Your use of the Service is at your sole risk. The Service is provided on an "AS IS" and "AS AVAILABLE" basis. The Service is provided without warranties of any kind, whether express or implied, including, but not limited to, implied warranties of merchantability, fitness for a particular purpose, non-infringement or course of performance. Women Also Know Stuff, its subsidiaries, affiliates, and its licensors do not warrant that a) the Service will function uninterrupted, secure or available at any particular time or location; b) any errors or defects will be corrected; c) the Service is free of viruses or other harmful components; or d) the results of using the Service will meet your requirements.
Some jurisdictions do not allow the exclusion of certain warranties or the exclusion or limitation of liability for consequential or incidental damages, so the limitations above may not apply to you.

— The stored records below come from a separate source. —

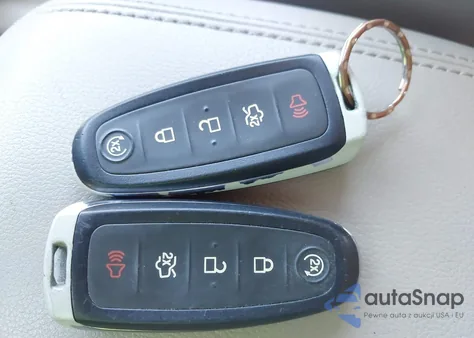 2014 Ford Escape Titanium z USA, uszkodzony, nr VIN 1FMCU9J93EUA35713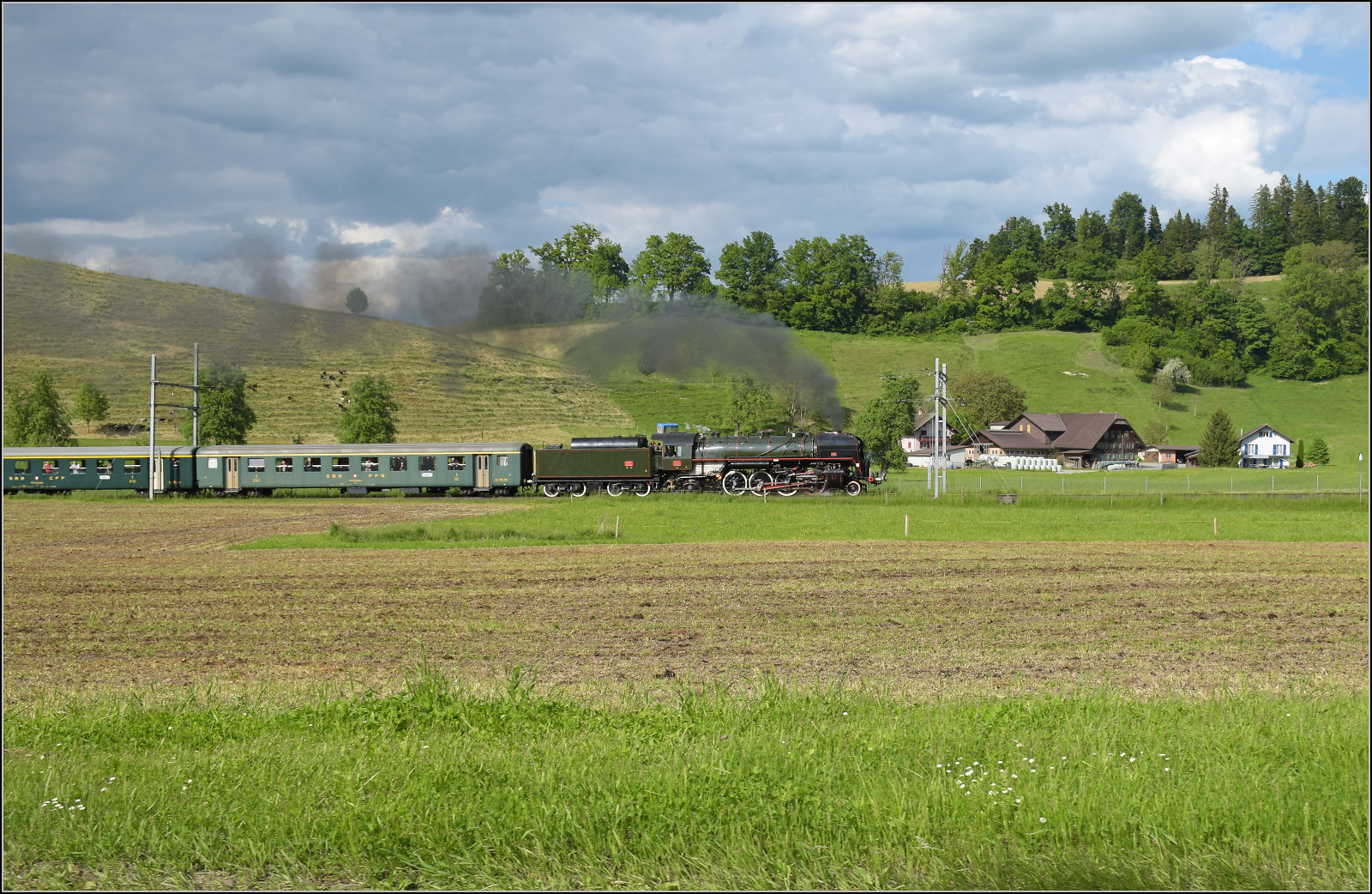 150 Jahre Emmentalbahn. 

141-R-1244 auf dem Rückweg von der grossen Emmentalrundfahrt anlässlich des Jubiläums. Am Ortsausgang Menznau findet die Sonne ein Wolkenloch, freie Sicht auf die Strecke und die Strasse ist ohne Verkehr. Menznau Hackbrett, Mai 2025.
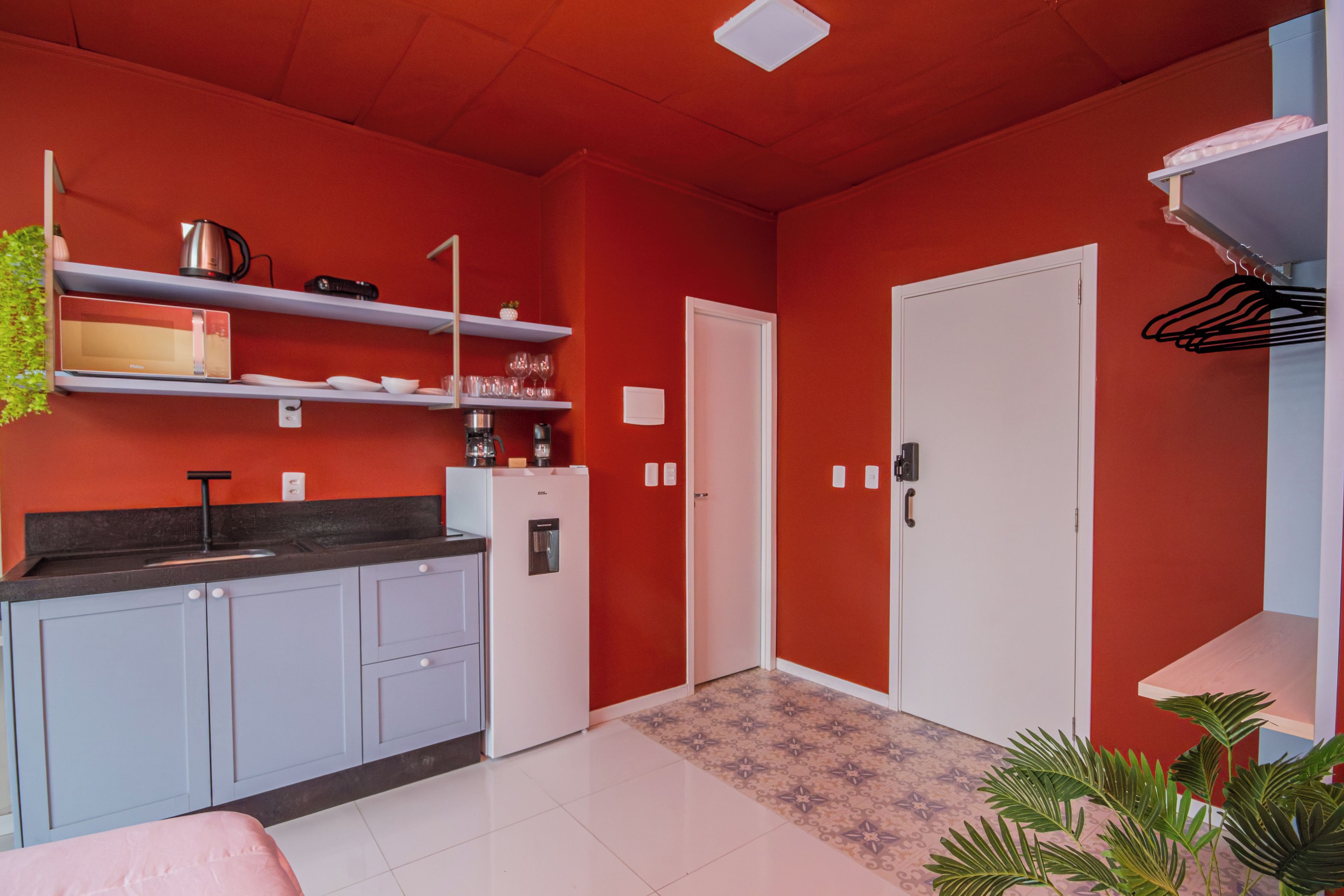 Una cocina compacta con armarios blancos, un refrigerador y una encimera con varios objetos.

These Terms shall be governed and construed in accordance with the laws of the state of Arizona and the United States, without regard to its conflict of law provisions. Our failure to enforce any right or provision of these Terms will not be considered a waiver of those rights. If any provision of these Terms is held to be invalid or unenforceable by a court, the remaining provisions of these Terms will remain in effect. These Terms constitute the entire agreement between us regarding our Service, and supersede and replace any prior agreements we might have had between us regarding the Service.
We reserve the right, at our sole discretion, to modify or replace these Terms at any time. If a revision is material we will provide at least 30 days notice prior to any new terms taking effect. What constitutes a material change will be determined at our sole discretion. By continuing to access or use our Service after any revisions become effective, you agree to be bound by the revised terms. If you do not agree to the new terms, you are no longer authorized to use the Service.